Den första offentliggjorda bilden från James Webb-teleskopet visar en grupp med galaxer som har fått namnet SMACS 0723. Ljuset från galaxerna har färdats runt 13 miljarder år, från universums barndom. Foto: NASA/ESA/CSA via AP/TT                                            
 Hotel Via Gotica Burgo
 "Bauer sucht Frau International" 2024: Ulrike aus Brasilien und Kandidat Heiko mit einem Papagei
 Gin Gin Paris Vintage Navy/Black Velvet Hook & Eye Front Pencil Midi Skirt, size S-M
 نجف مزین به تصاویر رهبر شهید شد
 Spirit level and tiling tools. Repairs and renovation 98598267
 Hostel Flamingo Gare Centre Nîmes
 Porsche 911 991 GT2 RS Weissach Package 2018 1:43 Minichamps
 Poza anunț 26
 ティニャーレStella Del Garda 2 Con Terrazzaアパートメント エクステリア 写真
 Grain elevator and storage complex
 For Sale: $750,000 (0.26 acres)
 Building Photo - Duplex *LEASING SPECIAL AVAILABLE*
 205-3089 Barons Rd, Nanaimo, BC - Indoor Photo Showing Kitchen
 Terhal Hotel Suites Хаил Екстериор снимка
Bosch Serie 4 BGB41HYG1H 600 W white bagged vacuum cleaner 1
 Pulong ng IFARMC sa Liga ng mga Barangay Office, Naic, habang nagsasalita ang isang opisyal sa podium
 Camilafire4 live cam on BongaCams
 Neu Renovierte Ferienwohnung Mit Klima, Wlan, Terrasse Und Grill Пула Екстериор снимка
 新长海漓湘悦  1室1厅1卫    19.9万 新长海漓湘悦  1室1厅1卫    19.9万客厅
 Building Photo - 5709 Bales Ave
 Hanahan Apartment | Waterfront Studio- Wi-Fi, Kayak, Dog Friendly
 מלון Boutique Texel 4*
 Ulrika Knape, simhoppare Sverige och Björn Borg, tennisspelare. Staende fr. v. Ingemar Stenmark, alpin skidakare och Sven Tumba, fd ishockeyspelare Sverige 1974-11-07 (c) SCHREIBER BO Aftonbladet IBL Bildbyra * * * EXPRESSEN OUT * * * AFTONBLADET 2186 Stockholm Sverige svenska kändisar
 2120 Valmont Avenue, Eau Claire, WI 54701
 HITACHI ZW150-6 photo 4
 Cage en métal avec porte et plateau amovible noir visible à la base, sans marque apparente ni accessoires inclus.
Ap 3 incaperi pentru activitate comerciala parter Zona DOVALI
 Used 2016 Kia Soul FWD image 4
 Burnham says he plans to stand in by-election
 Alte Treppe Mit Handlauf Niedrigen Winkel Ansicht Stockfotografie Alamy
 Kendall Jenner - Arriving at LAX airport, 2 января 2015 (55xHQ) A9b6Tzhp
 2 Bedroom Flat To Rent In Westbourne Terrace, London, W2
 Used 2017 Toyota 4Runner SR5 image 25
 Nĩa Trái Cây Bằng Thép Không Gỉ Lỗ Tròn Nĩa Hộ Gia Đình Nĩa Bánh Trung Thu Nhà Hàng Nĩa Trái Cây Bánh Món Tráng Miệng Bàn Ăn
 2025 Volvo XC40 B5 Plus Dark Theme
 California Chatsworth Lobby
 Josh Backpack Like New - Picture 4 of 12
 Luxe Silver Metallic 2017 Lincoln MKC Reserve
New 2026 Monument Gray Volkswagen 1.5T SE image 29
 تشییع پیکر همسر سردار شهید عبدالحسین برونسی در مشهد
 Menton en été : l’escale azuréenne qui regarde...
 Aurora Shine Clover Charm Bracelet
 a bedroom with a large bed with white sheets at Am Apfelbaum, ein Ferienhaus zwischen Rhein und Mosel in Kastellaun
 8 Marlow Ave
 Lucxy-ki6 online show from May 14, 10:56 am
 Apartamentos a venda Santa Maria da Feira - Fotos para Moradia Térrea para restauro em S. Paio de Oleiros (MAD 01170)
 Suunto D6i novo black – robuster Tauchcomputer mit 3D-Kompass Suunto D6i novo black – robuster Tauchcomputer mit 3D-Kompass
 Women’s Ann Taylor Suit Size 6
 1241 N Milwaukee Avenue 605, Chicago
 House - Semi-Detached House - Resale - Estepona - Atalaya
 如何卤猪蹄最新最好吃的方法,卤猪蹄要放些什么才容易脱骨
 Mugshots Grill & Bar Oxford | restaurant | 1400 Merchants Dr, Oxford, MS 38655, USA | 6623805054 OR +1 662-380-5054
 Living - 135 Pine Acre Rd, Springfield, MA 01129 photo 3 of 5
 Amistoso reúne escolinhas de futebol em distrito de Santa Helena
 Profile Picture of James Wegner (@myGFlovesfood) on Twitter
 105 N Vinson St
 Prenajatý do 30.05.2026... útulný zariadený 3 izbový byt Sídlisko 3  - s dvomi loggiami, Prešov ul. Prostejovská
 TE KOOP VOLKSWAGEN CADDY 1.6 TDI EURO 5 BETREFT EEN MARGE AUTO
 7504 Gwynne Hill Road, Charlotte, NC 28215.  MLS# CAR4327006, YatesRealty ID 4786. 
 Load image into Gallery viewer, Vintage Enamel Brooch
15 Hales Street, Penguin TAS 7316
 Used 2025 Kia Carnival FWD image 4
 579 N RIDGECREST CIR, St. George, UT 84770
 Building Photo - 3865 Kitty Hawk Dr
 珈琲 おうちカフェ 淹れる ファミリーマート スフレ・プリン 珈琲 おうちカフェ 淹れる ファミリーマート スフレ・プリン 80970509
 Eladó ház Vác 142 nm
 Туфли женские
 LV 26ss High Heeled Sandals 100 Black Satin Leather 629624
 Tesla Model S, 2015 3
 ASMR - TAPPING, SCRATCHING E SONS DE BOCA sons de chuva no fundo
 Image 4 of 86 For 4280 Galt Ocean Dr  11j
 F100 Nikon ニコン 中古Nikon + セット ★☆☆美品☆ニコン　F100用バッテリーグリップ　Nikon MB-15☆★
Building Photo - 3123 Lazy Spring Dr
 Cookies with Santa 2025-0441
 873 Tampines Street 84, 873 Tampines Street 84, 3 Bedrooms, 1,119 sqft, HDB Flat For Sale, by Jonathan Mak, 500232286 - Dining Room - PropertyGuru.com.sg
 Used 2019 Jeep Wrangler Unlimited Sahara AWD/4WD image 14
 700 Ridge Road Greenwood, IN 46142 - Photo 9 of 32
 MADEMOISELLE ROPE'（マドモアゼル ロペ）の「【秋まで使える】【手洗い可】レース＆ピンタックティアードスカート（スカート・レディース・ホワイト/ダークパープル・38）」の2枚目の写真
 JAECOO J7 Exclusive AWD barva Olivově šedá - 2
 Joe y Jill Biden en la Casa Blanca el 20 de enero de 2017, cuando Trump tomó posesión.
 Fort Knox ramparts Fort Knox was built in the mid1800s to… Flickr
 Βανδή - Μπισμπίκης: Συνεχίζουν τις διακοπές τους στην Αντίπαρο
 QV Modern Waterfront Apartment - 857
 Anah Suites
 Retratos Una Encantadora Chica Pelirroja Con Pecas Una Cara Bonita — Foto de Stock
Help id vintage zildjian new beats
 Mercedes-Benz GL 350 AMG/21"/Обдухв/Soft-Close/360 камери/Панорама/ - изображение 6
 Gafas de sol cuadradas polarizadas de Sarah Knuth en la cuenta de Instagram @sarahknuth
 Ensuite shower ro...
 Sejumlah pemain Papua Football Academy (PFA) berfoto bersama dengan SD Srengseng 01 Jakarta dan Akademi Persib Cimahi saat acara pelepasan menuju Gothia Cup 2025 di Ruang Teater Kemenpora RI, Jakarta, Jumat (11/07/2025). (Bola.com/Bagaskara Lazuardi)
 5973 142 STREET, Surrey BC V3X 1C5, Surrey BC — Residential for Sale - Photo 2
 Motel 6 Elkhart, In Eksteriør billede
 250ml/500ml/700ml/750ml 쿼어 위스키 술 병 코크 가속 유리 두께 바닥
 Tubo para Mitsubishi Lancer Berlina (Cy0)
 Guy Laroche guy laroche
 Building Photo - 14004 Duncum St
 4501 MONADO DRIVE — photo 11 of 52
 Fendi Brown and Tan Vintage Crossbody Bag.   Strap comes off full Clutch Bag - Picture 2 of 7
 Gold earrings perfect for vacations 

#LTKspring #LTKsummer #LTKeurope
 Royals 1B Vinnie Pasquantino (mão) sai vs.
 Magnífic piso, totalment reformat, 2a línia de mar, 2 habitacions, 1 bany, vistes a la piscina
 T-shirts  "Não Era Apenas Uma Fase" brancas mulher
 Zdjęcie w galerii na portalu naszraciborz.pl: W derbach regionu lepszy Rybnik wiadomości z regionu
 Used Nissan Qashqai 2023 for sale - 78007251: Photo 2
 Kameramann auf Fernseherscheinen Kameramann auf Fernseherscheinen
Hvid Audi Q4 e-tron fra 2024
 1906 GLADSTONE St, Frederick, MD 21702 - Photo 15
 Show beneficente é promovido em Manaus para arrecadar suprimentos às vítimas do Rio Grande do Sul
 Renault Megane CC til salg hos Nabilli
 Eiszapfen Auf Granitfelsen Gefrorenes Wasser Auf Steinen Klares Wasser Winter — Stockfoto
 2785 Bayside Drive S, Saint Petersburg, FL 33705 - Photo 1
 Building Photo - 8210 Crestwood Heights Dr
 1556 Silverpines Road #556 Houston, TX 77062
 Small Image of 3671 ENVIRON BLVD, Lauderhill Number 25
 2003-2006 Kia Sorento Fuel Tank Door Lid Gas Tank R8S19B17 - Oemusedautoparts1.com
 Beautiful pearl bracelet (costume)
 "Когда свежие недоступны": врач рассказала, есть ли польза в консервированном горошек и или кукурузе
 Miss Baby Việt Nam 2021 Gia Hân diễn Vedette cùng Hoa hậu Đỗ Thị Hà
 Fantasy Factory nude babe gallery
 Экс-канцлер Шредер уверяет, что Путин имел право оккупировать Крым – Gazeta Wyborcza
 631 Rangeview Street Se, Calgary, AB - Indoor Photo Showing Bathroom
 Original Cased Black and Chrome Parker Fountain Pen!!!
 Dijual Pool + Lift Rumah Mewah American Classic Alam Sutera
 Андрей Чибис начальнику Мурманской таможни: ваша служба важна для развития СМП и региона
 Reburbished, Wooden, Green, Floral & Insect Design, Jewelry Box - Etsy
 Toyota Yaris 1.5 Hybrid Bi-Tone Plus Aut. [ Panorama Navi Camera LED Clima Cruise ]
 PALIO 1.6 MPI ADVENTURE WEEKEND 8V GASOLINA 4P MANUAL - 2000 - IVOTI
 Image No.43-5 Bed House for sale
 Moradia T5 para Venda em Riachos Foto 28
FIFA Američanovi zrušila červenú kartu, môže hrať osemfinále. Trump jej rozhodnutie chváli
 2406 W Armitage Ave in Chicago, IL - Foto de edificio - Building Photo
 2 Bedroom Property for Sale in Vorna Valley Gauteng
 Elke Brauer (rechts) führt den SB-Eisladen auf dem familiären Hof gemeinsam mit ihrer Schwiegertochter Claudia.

· · ·

Task prompt:
Precisely the lines between those holding "מלון Boutique Texel 4*" and "Cage en métal", inclusive, are to be reproduced from the listing above, with nothing added.

Solution:
 מלון Boutique Texel 4*
 Ulrika Knape, simhoppare Sverige och Björn Borg, tennisspelare. Staende fr. v. Ingemar Stenmark, alpin skidakare och Sven Tumba, fd ishockeyspelare Sverige 1974-11-07 (c) SCHREIBER BO Aftonbladet IBL Bildbyra * * * EXPRESSEN OUT * * * AFTONBLADET 2186 Stockholm Sverige svenska kändisar
 2120 Valmont Avenue, Eau Claire, WI 54701
 HITACHI ZW150-6 photo 4
 Cage en métal avec porte et plateau amovible noir visible à la base, sans marque apparente ni accessoires inclus.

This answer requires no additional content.